• Task details
From the first line of the entries through the line containing "Matrix Matt White W Purple Logo 7", output everything exactly except the pictures.

[Exercise input — start]

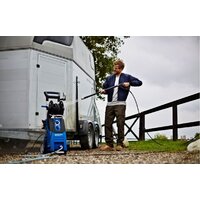 Nilfisk-Alto Premium 190-12 Power Image #15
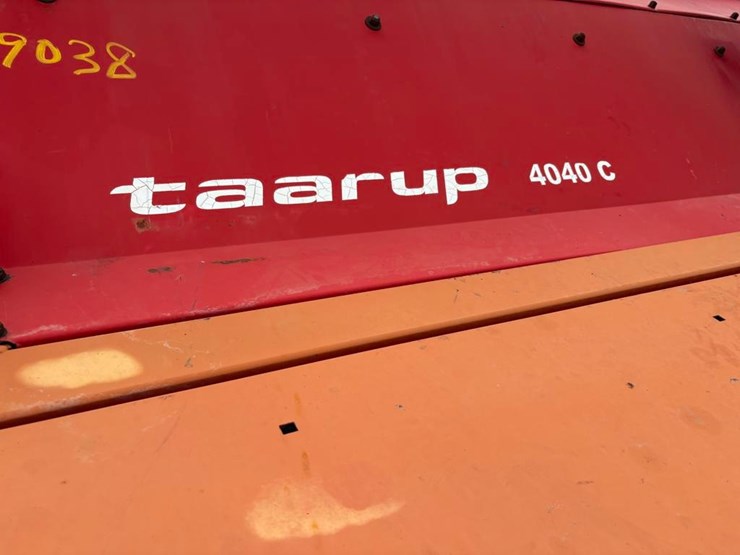 kverland-4040-disc-mower-image-5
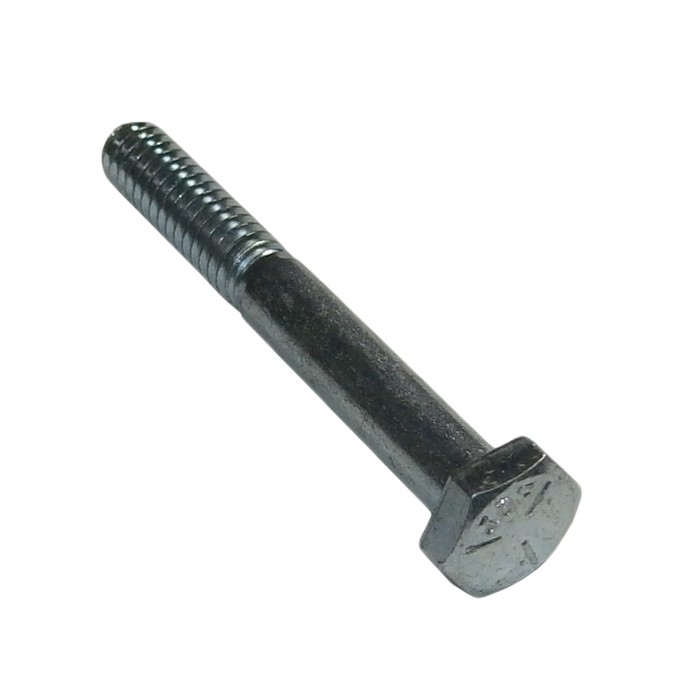 Ridgid Replacement Bolt – 660869005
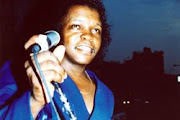 Lee Fields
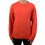 Pepe Jeans Pull Pepe Jeans Barons - Current 1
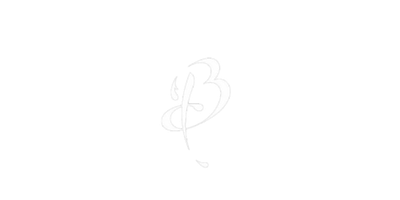 Beraldo Logo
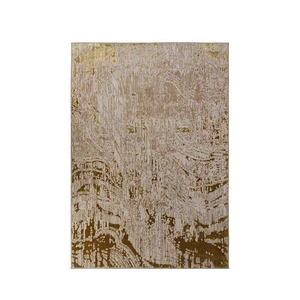 Beżowy dywan Flair Rugs Arissa, 160x230 cm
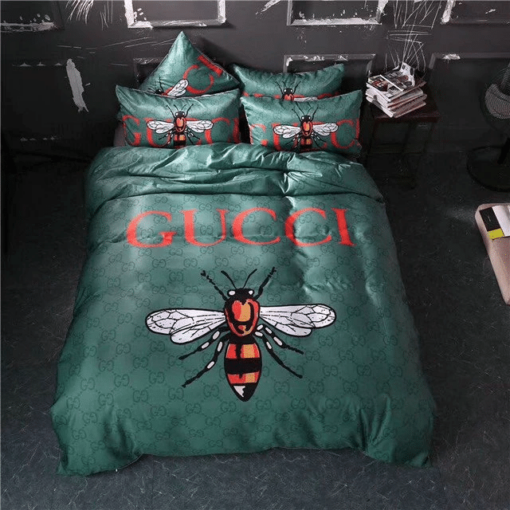Gucci Bedding 87 Luxury Bedding Sets Quilt Sets Duvet Cover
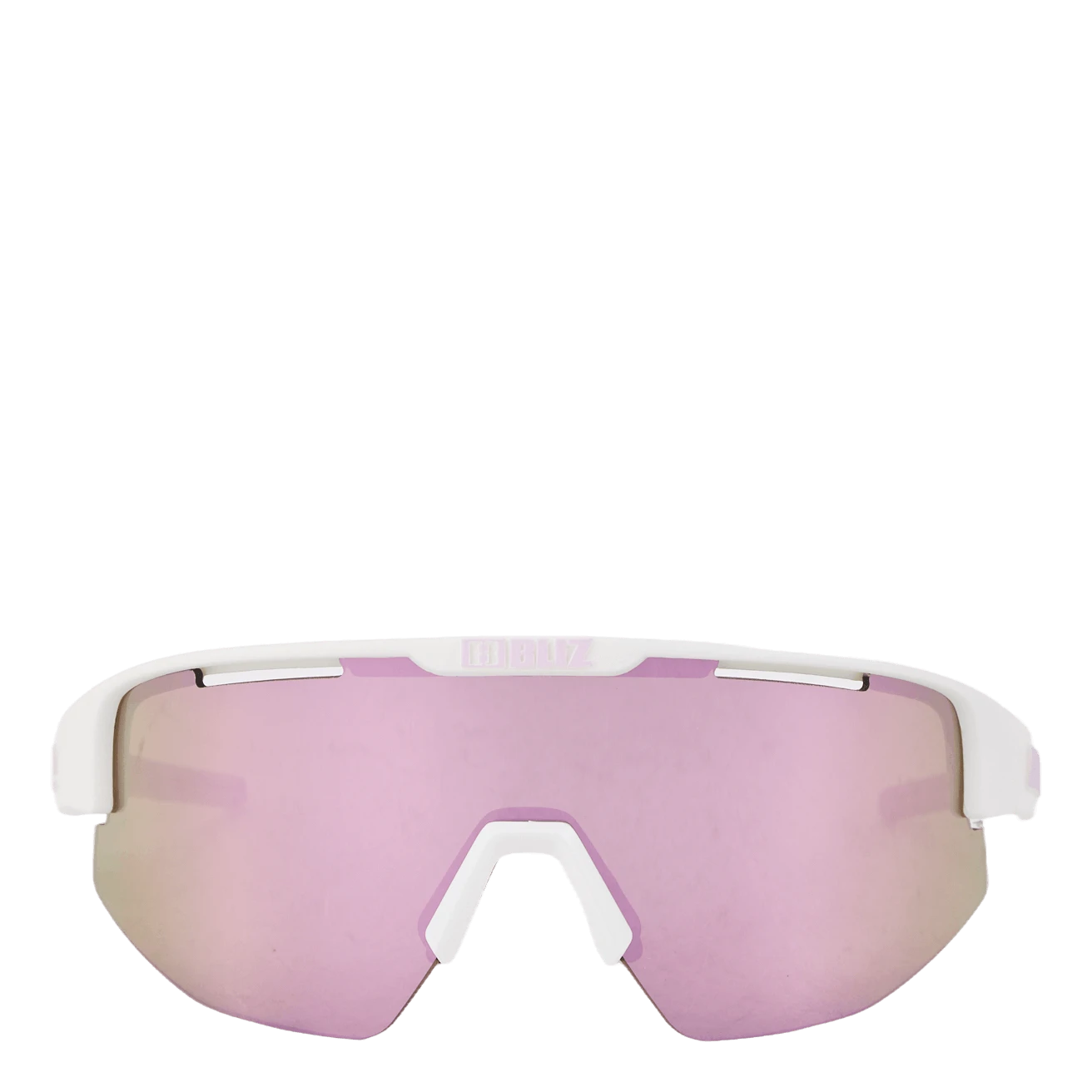 Matrix Matt White W Purple Logo 7 Matrix Matt White W Purple Logo - Image 5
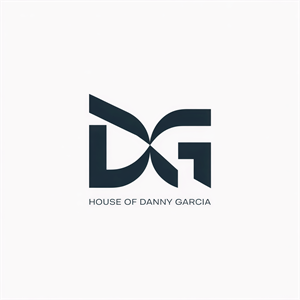 Design de Logo par ArtistLobby pour ce projet | Design : #36732579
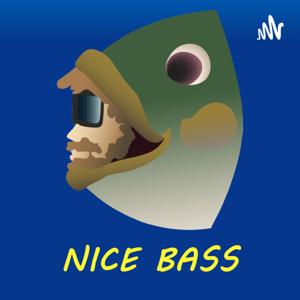 Nice Bass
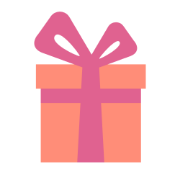 yoursurprise.nl favicon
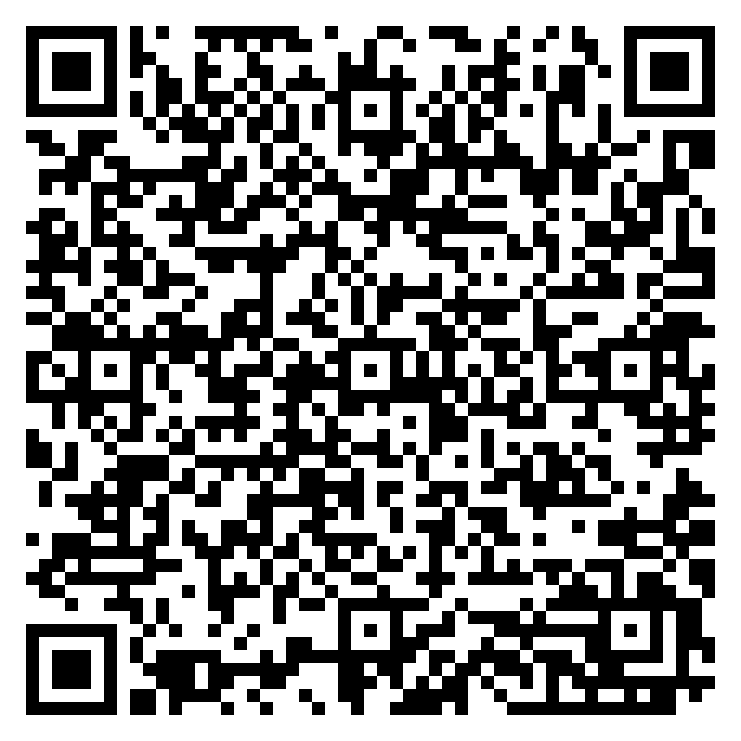 kod QR z danymi kontaktowymi 52881386900000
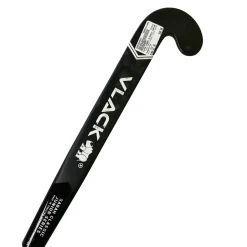 Used VLACK SABAH CLASSIC JUNIOR SERIES FH Complete Stick Black 32
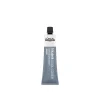 L'Oréal Professionnel Majirel Cool Cover Permanent Hair Dye 5 Light Brown 60ml (2.02floz)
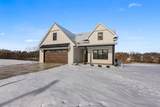 541 Security Boulevard - Photo 3
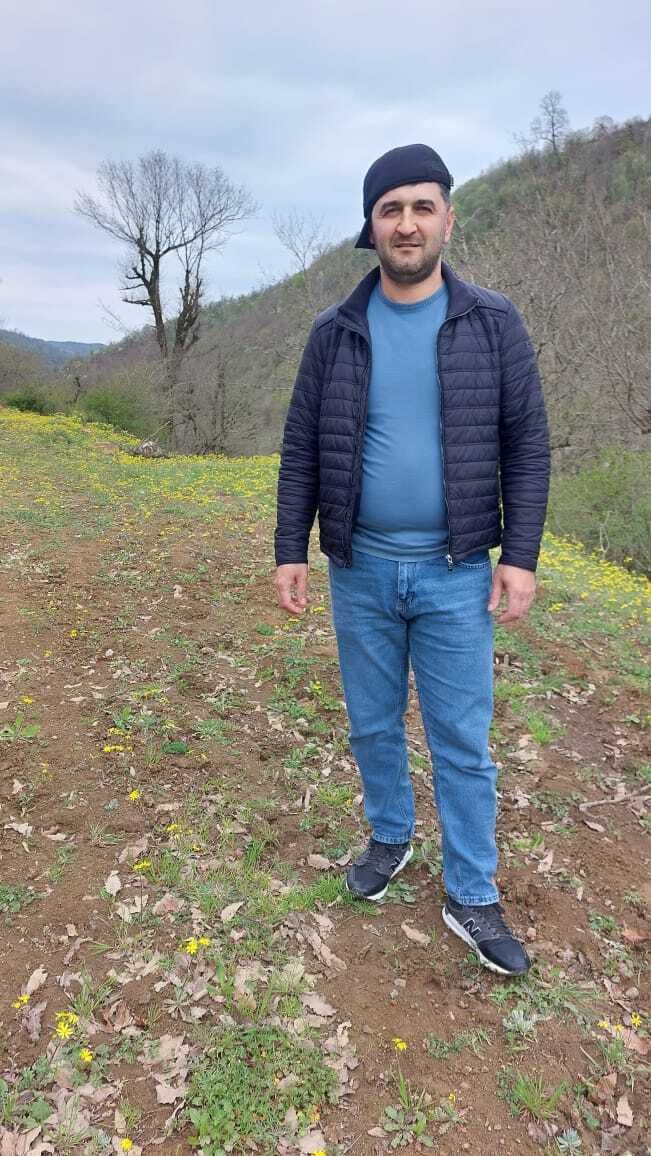 ���� 35308815 ������� ����, 41 ���, ���� ���������� � ������������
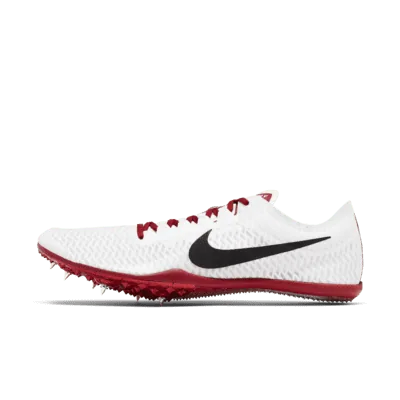 Nike Zoom Mamba 5 Bowerman Track Club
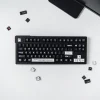 counter-strike-csgo-printstream-oem-keycap-set-upfront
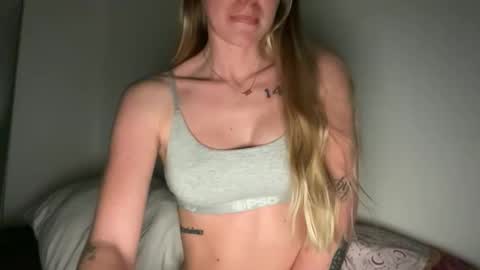 Miley King online show from February 10, 2026, 8:18 am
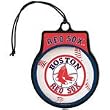 Boston Red Sox MLB Baseball Car Air Freshener
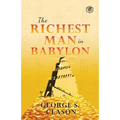 The Richest Man In Babylon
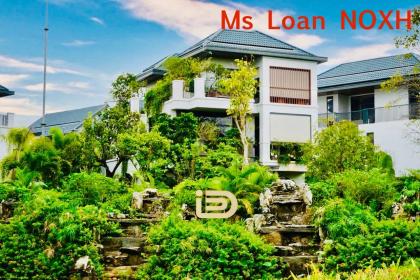Chỉ từ 5 triệu/tháng, gia đình bạn đã có thể sở hữu căn hộ NOXH chuẩn thương mại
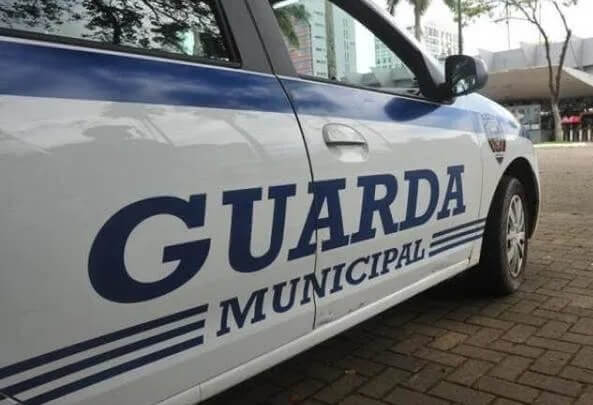 Projeto de reestruturação da Guarda Municipal está em análise na Câmara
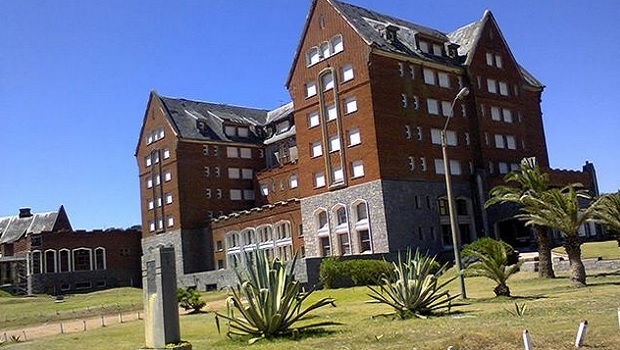 Tender required for casino licence in Punta del Este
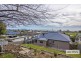 25 Saundridge Road, Cooee TAS 7320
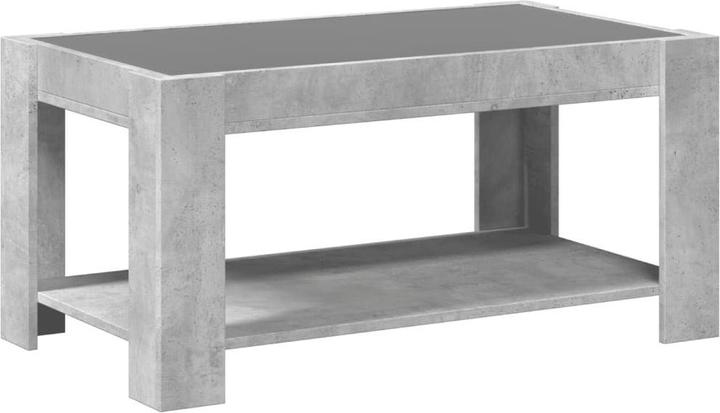 Produktbild vidaXL Couchtisch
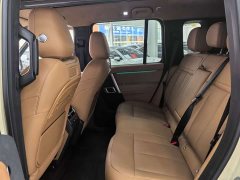 iCAR V27 200KMAWD700 - фото 9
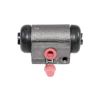 Imagem de Cilindro de Roda FORD ECOSPORT - TRW/VARGA BWF6006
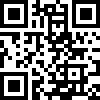 https://tazenews.com/x4FTB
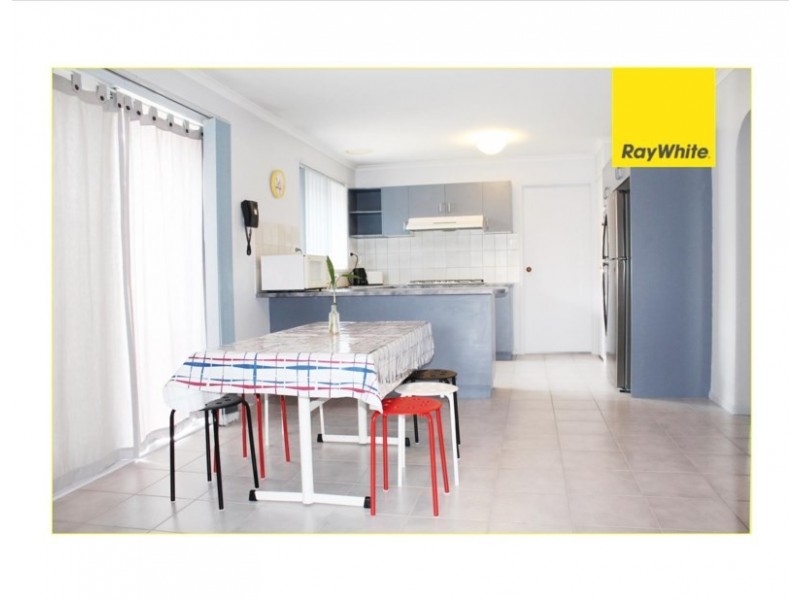 7 Wenlock Avenue, Altona Meadows VIC 3028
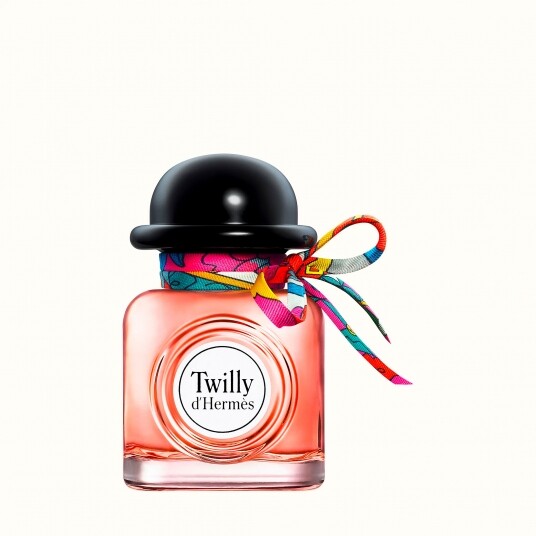 Twilly d'Hermès Eau de parfum 50ml HK$910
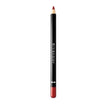 Givenchy Lipliner 07 Raspberry Velours - Nutra Best Europe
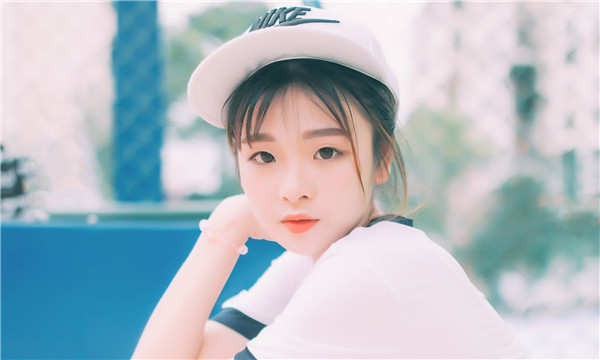 勐海试管婴儿包生男孩是不是真的｜试管婴儿包男女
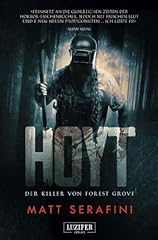 Hoyt killer forest gebraucht kaufen  Wird an jeden Ort in Deutschland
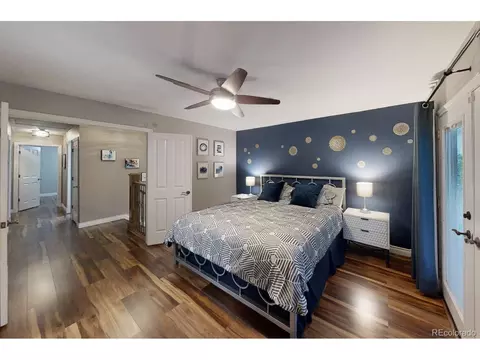 7952 S Jackson St, Centennial, CO 80122 photo 21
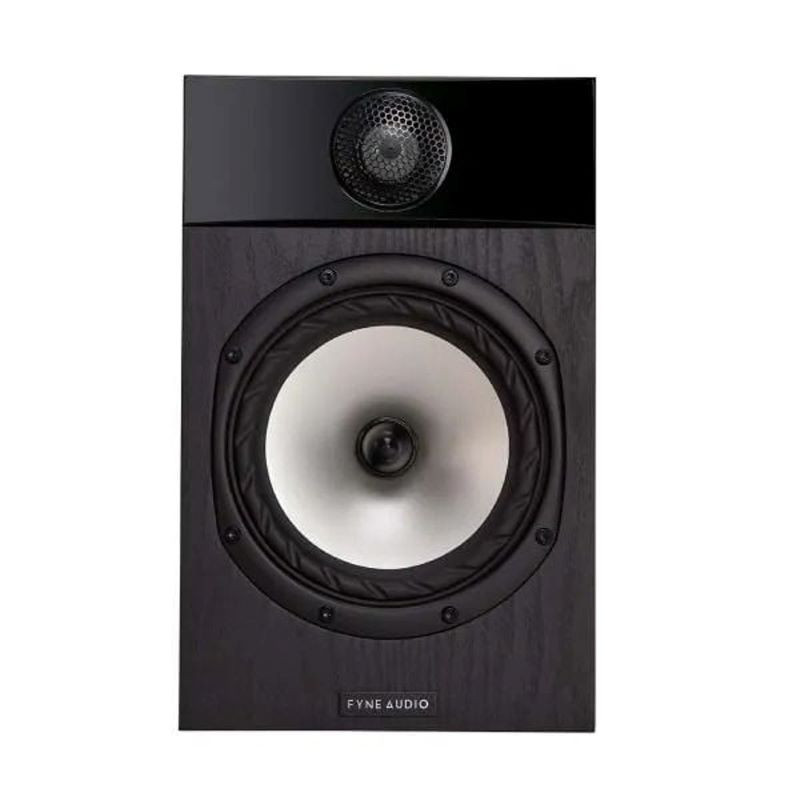 Loa Fyne Audio F301i, Bass 15cm, Độ Nhạy 89dB-1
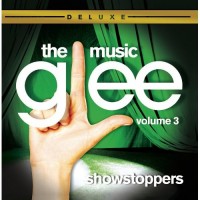 Purchase Glee Cast - Glee: The Music, Volume 3 Showstoppers (Deluxe Edition)
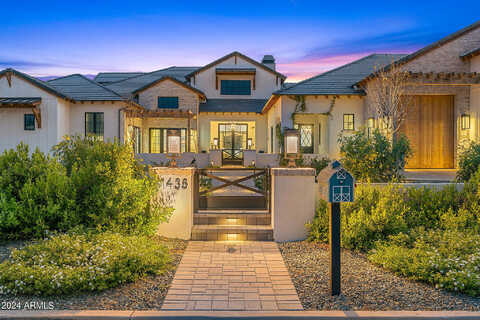 70Th, SCOTTSDALE, AZ 85254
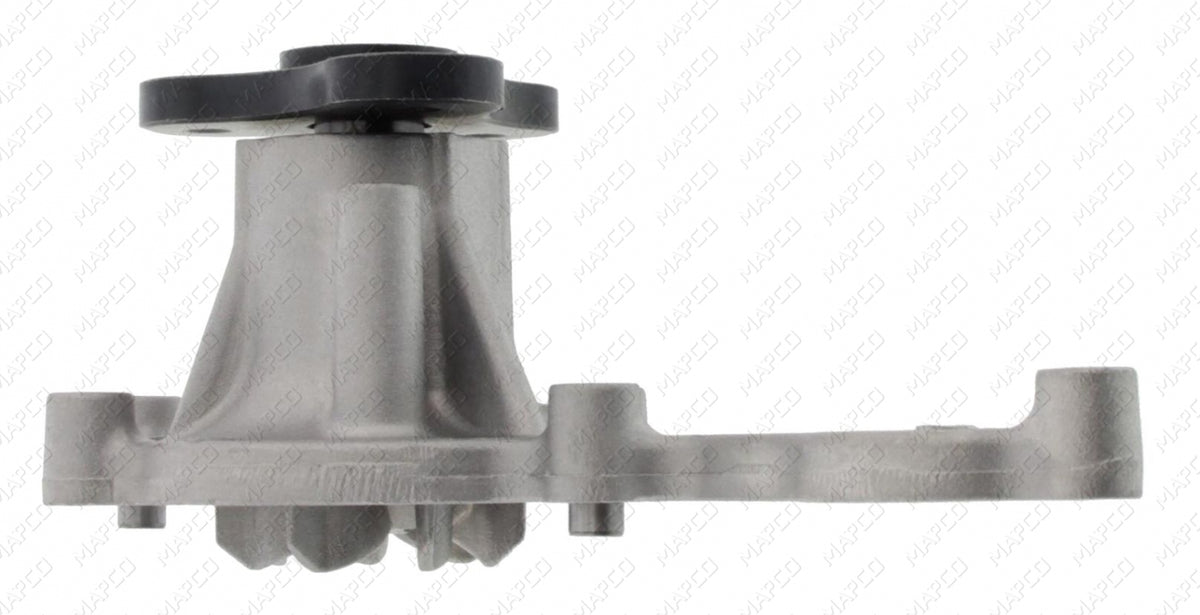 MAPCO Wasserpumpe 21528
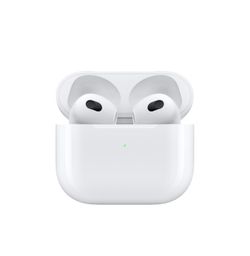 AirPod Gen 3 Case 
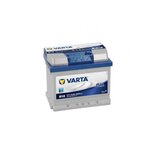 Varta akumulator blue dynamic 12V 44AH D+ | Eponuda.ba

[Exercise input — finish]

• Finished task
 Nilfisk-Alto Premium 190-12 Power Image #15
 kverland-4040-disc-mower-image-5
 Ridgid Replacement Bolt – 660869005
 Lee Fields
 Pepe Jeans Pull Pepe Jeans Barons - Current 1
 Beraldo Logo
 Beżowy dywan Flair Rugs Arissa, 160x230 cm
Gucci Bedding 87 Luxury Bedding Sets Quilt Sets Duvet Cover
 Matrix Matt White W Purple Logo 7 Matrix Matt White W Purple Logo - Image 5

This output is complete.